*** Opening of DATA SUPPLIED ***

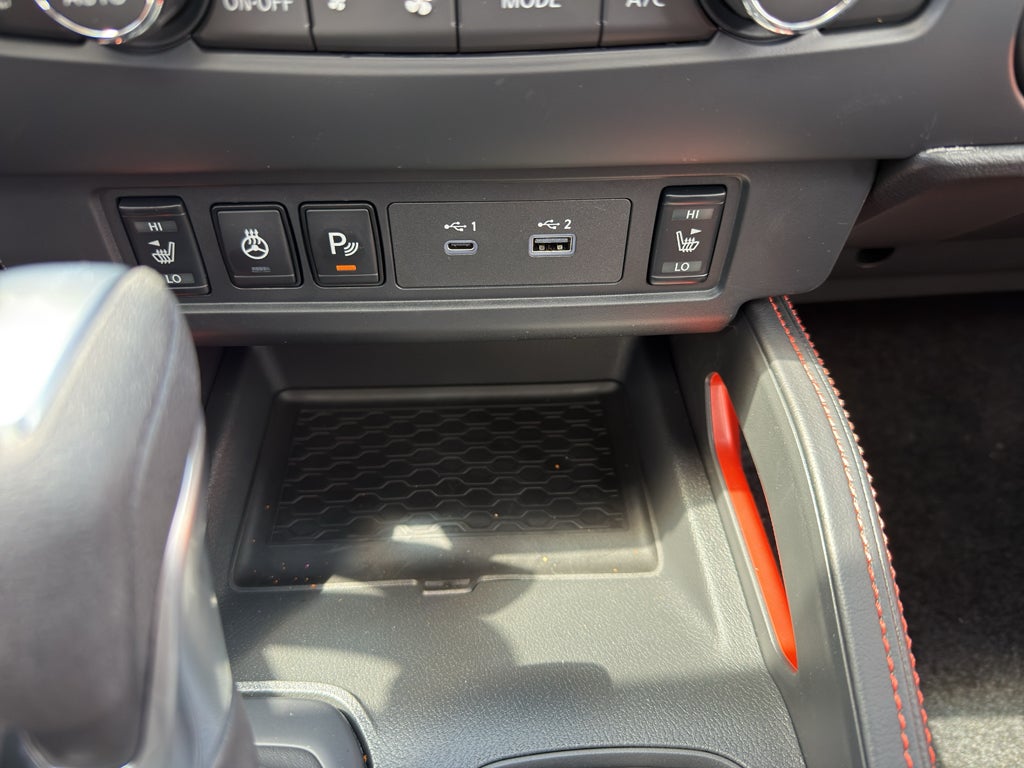 2026 Nissan Frontier Crew Cab 4x4 PRO-4X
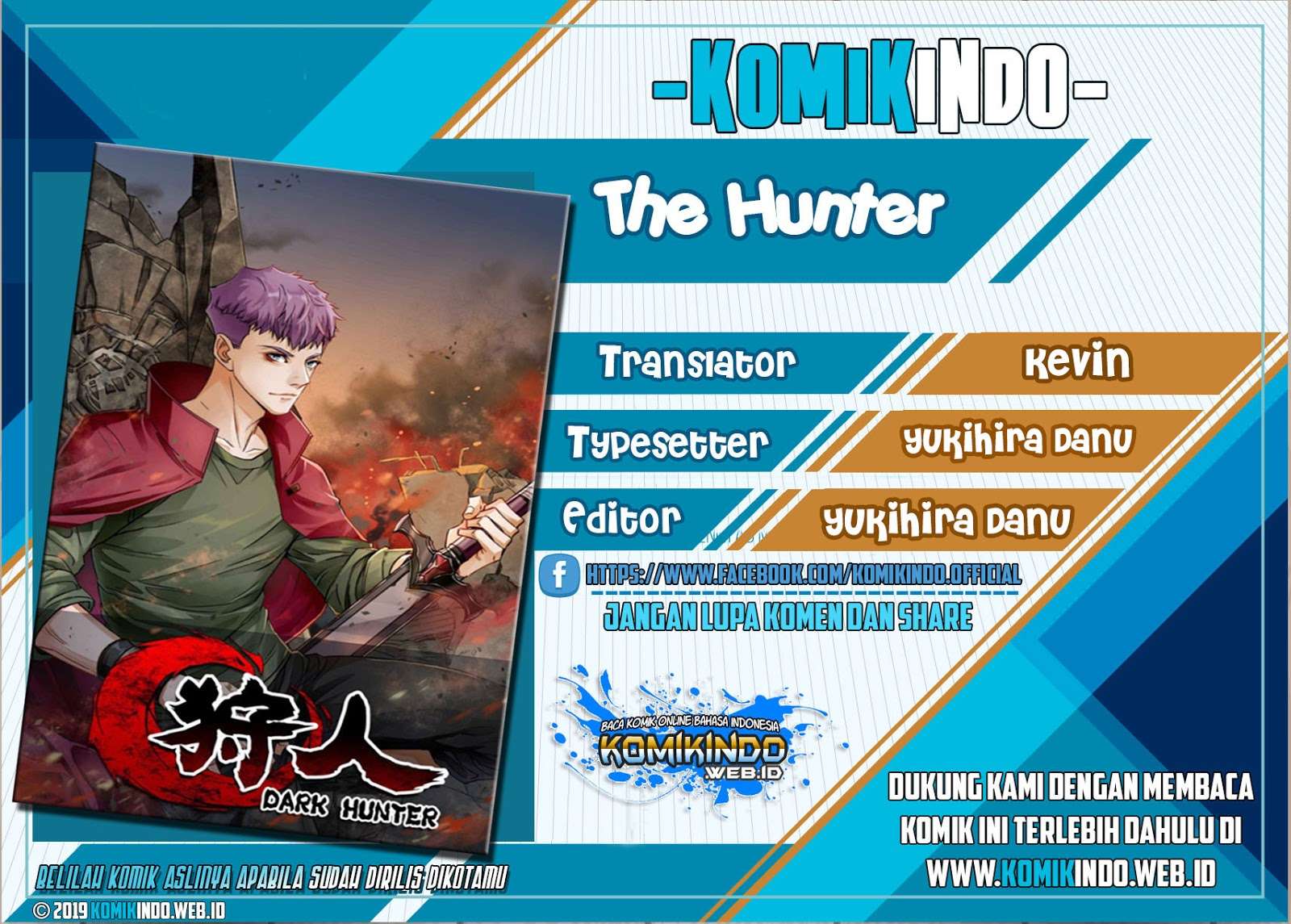 Baca Komik The Hunter Chapter 28 Gambar 1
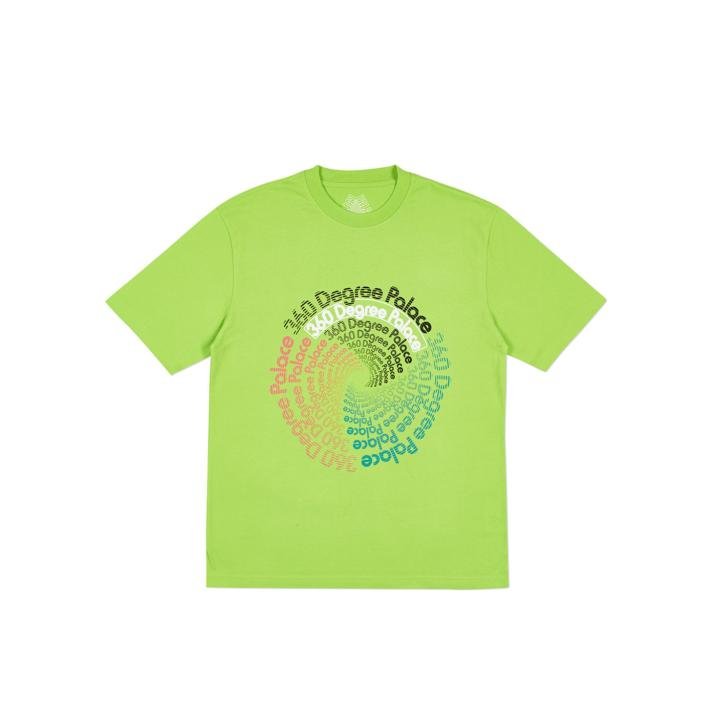 360 PALACE T-SHIRT LIME GREEN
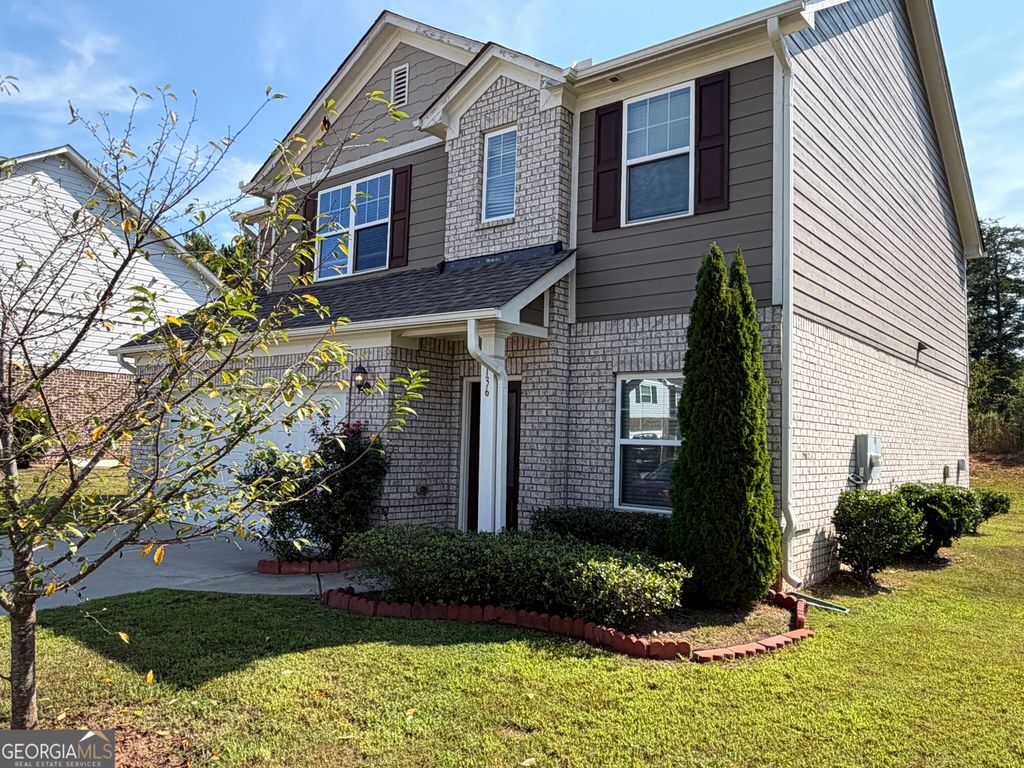 136 Al Jennah Boulevard, Locust Grove, GA 30248 — exterior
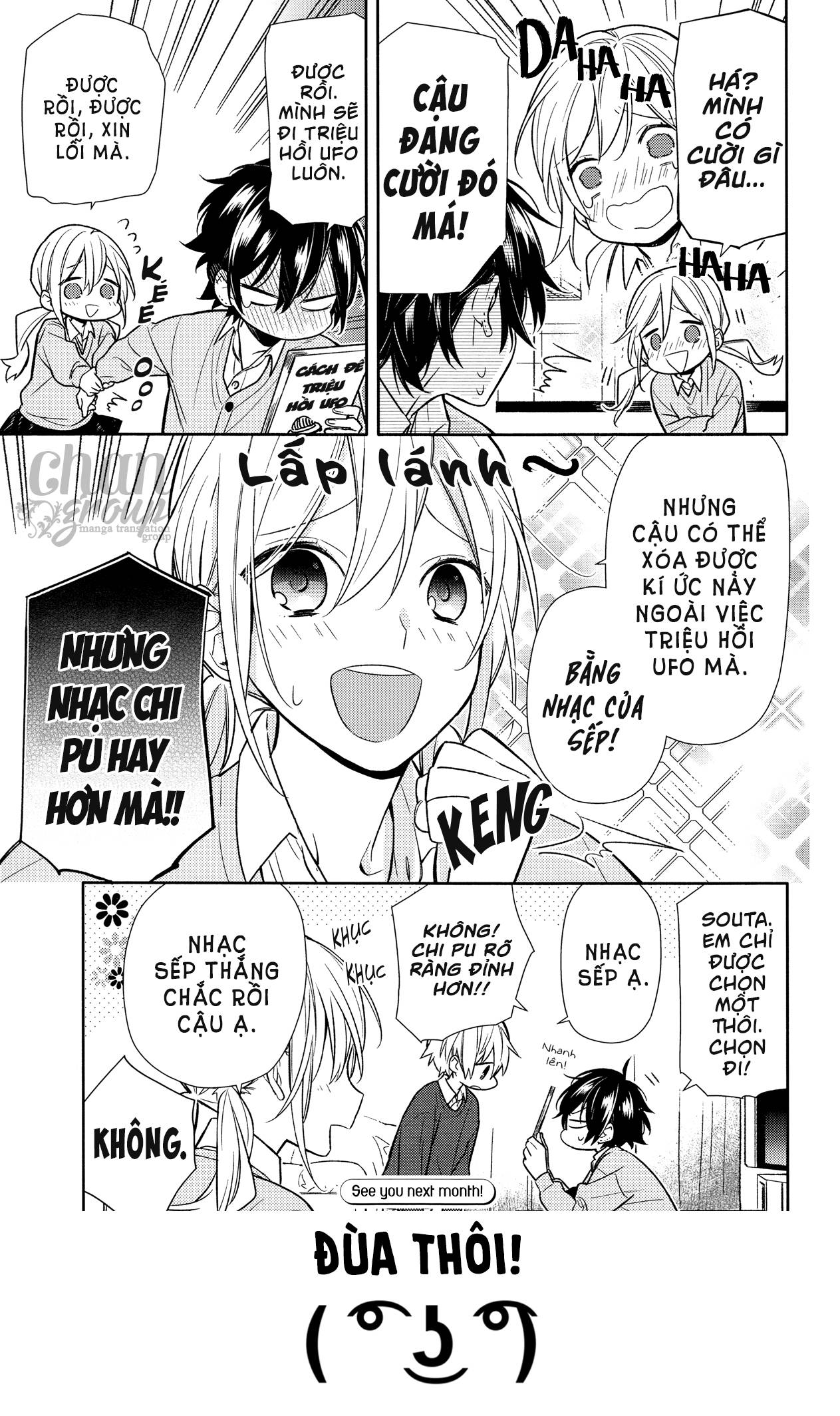 Horimiya Chap 89 - Next Chap 90
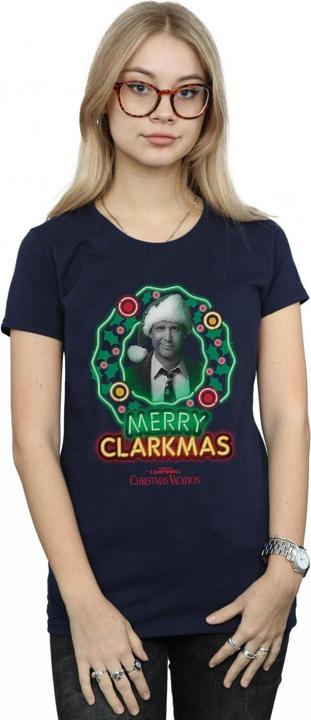 Produktbild National Lampoon´s Vacation National Lampoon's Christmas Vacation Greyscale Clarkmas TShirt (XL)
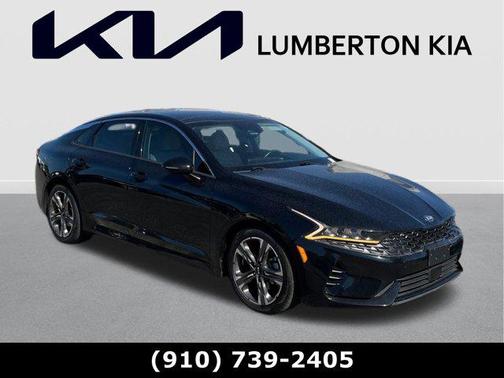 Ebony Black 2021 Kia K5 EX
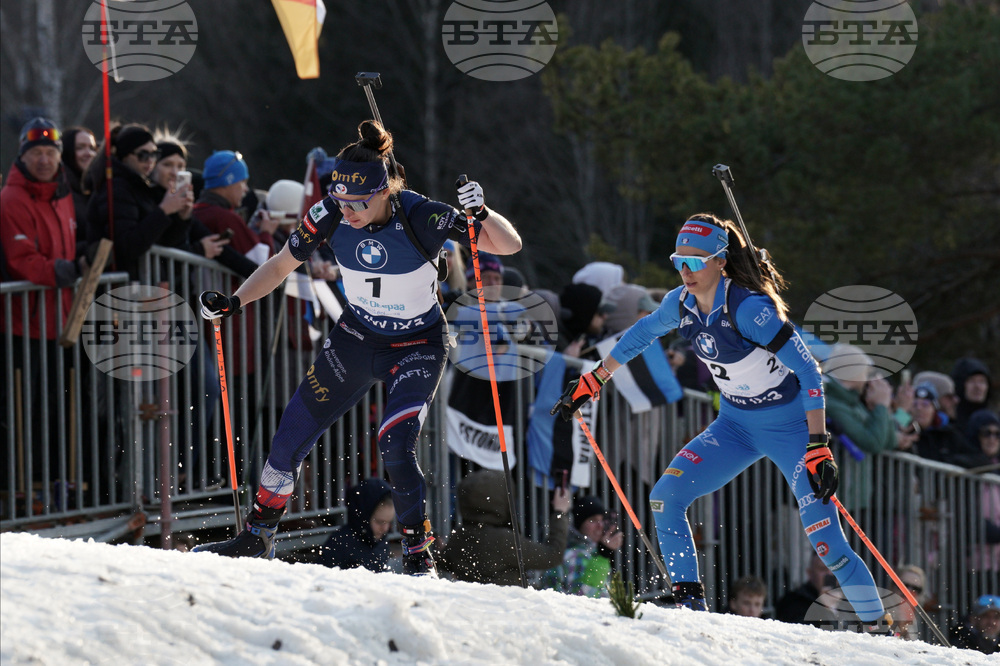 Estonia World Cup Biathlon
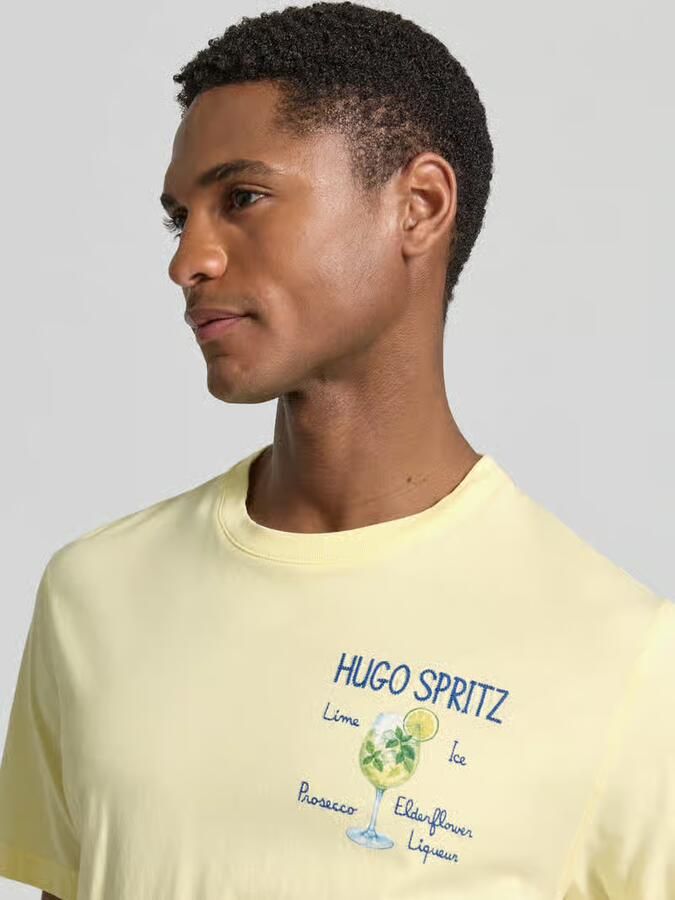 MC2 Saint Barth T-shirt met stitchings model 'PORTOFINO'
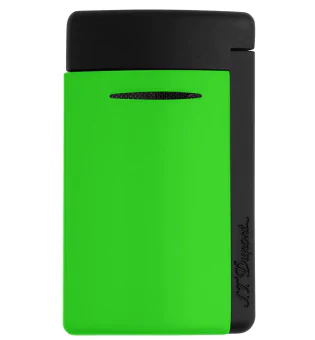 S.T. Dupont Minijet Lighter Fluo Grøn 010872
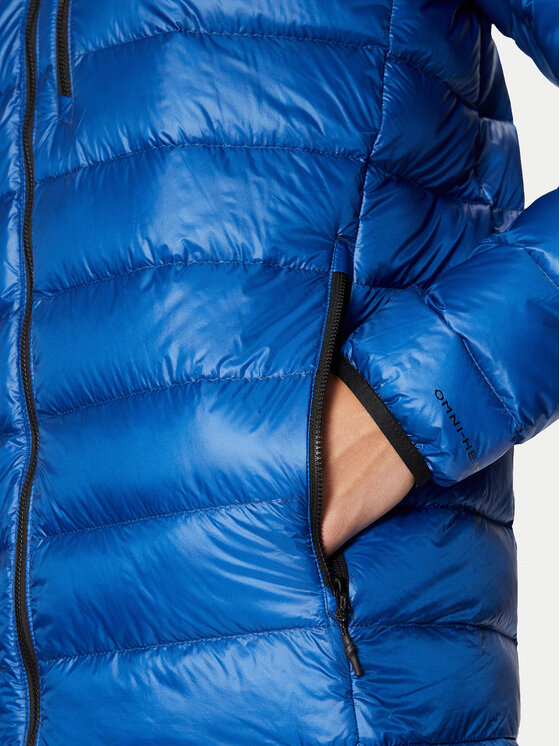 Columbia Columbia Puhovka Arctic Crest™ 2088784 Modra Slim Fit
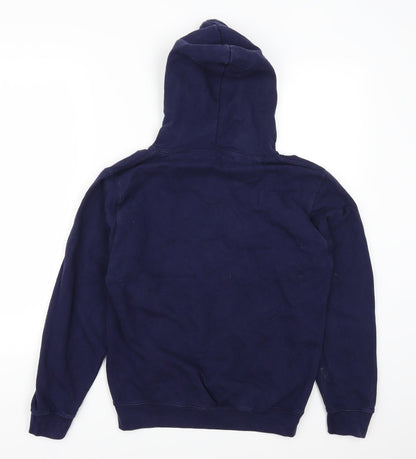 Mens UK Size S All We Do is Blue Pullover Hoodie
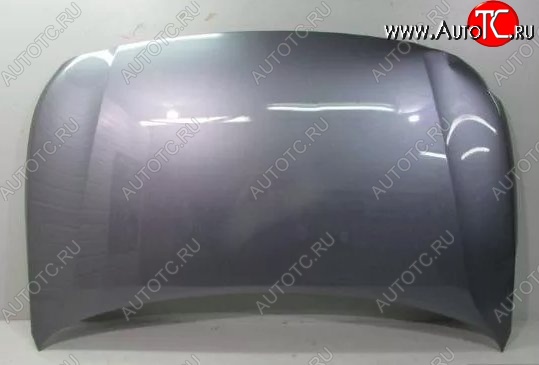 55 999 р. Капот Стандартный  Hyundai Solaris  2 (2017-2020) (Неокрашенный)  с доставкой в г. Калуга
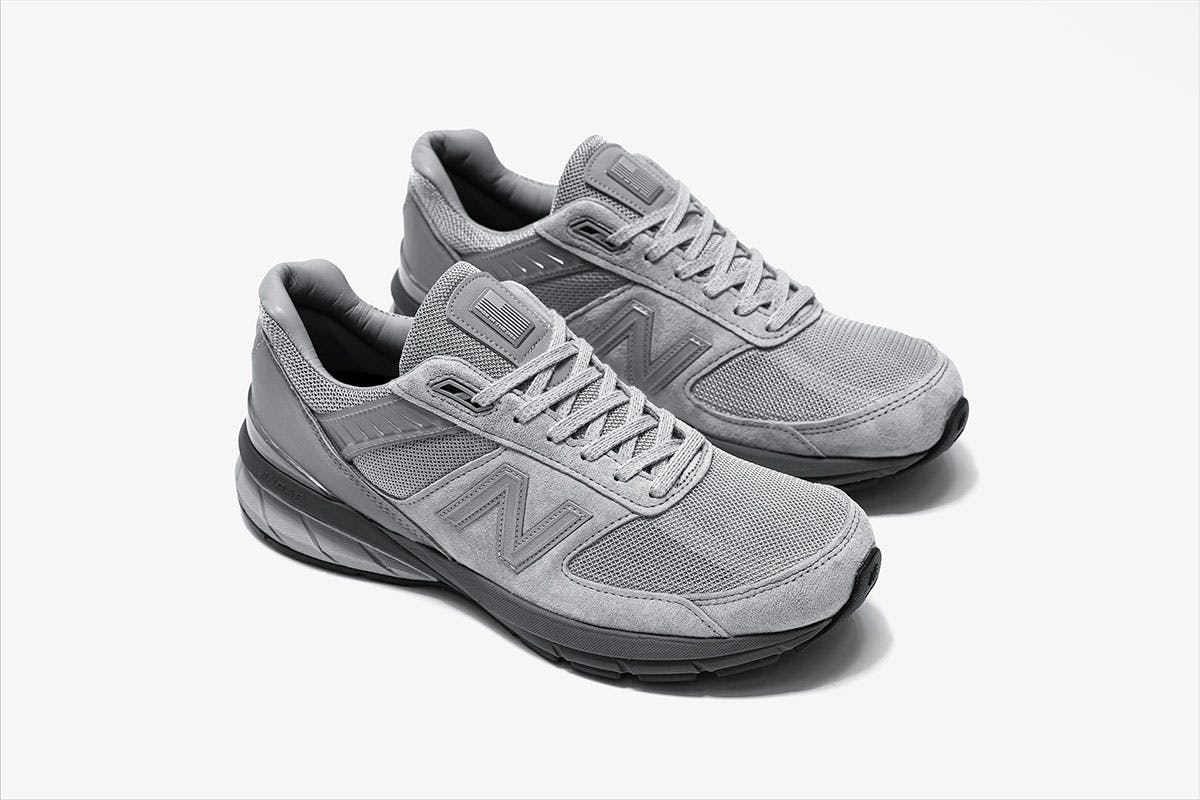 The HAVEN x New Balance 990v5 “Grey” Just Dropped, Buy it Here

*** Close of DATA SUPPLIED ***

#### EXERCISE INSTRUCTIONS:
Retype the records verbatim, but not their images.

#### SOLUTION TO THIS TASK:
 2026 Nissan Frontier Crew Cab 4x4 PRO-4X
 Baca Komik The Hunter Chapter 28 Gambar 1
 360 PALACE T-SHIRT LIME GREEN
 136 Al Jennah Boulevard, Locust Grove, GA 30248 — exterior
 Horimiya Chap 89 - Next Chap 90
 Produktbild National Lampoon´s Vacation National Lampoon's Christmas Vacation Greyscale Clarkmas TShirt (XL)
 Ebony Black 2021 Kia K5 EX
 Estonia World Cup Biathlon
 MC2 Saint Barth T-shirt met stitchings model 'PORTOFINO'
 S.T. Dupont Minijet Lighter Fluo Grøn 010872
 Columbia Columbia Puhovka Arctic Crest™ 2088784 Modra Slim Fit
 Mens UK Size S All We Do is Blue Pullover Hoodie
 55 999 р. Капот Стандартный  Hyundai Solaris  2 (2017-2020) (Неокрашенный)  с доставкой в г. Калуга
 The HAVEN x New Balance 990v5 “Grey” Just Dropped, Buy it Here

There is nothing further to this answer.